Modular architecture, incremental decisions, and software acquisition

Jeff Boleng [USD(A&S) Special Assistant for Software]: Should we separate our hardware procurement and our software procurement, and maybe even look to different vendors to do each? Because one of my arguments is that I want people really good at software doing my software, and people really good at building airplanes, ships, and tanks to do that. But a lot of time we pay the airplane, ship, and tank people that haven’t demonstrated their software prowess, the way other companies have. Do you think that is a feasible acquisition strategy?

 

Jennifer Pahlka [Code for America]: In the state of California they’re trying a new new model for a really big software system where they’ve chunked it out into a bunch of bits — its very modular — and different software people can do different bits of it, and they’re building the capability in-house not to develop the software, but to manage the program such that this vendor can be taking care of this bit for a while, they can bring the bits together, if one part isn’t working they can move one of the vendors onto a different module, and I think that gives them more control.

 

But its definitely not a “here’s one giant thing and one vendor is going to do the whole thing.” What that requires is much more software capability in your contracting and program management….

That was from a great YouTube conversation hosted by DAU called “Changing Software Acquisition in DOD — Roundtable with the Defense Innovation Board.” Pahlka brings up two important points which have been recurring themes on this blog.

First, she emphasizes the role of modular architecture and recombinative innovation. Major systems should not be bought as a giant package from a single contractor. Instead, contract tasks should be partitioned where feasible and provided to the firm best suited to perform.

Of course, that creates integration risk — that the various components will not integrate into the desired system and functionality.
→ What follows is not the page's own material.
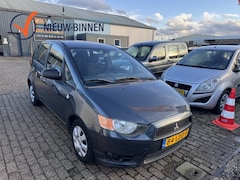 Mitsubishi Colt - 1.1 Editio airco N.a.p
Yet that’s why Pahlka later emphasizes that it is often best not to pursue an entire system concurrently, but tackle the hardest problems first and then wait until more information is available to decide on future actions and eventual integration. The DOD often pursues low-risk aspects of a program simultaneous to high-risk, which creates a great deal of rework and added cost.

The modular method of system development was pretty common up until the 1960s when Robert McNamara took the helm. Even for the Air Force, which was the first to use the tightly coupled “systems” approach, was opportunistic and didn’t set detailed integration plans before work start. Of the last 6 fighters developed in the 1950s, 4 ended up with different engines than planned, 3 with different electronic systems, and 5(!) with different airframes. Such flexibility would be unthinkable in today’s acquisition, particularly because such changes to plan makes one look like an oaf to top leadership who observes from far away.

Partitioning contract tasks both by technical component and across time was advocated for by Nobel Laureate Oliver Williamson during is time at RAND. Here are Williamson’s conclusions on the “manifold” benefits of partitioning tasks:

  1. It reduces the amount of uncertainty and hence increases objectivity in contract negotiations, reduces the felt need for defensibility in administering contracts, and permits more reliable evaluations which in turn allow cost-performance reputation effects to be assigned with confidence. Each of these effects should help to prevent excessive contract costs.
  2. It creates a contract environment in which the full potential of parallel R-and-D approaches… can be exploited.
  3. It complements R-and-D strategies which emphasize the need for maintaining options by providing support for work on adaptable components and flexible capabilities…
  4. It permits greater competition by increasing the number of eligible contractors.
  5. It lends itself to sales and employment stabilization.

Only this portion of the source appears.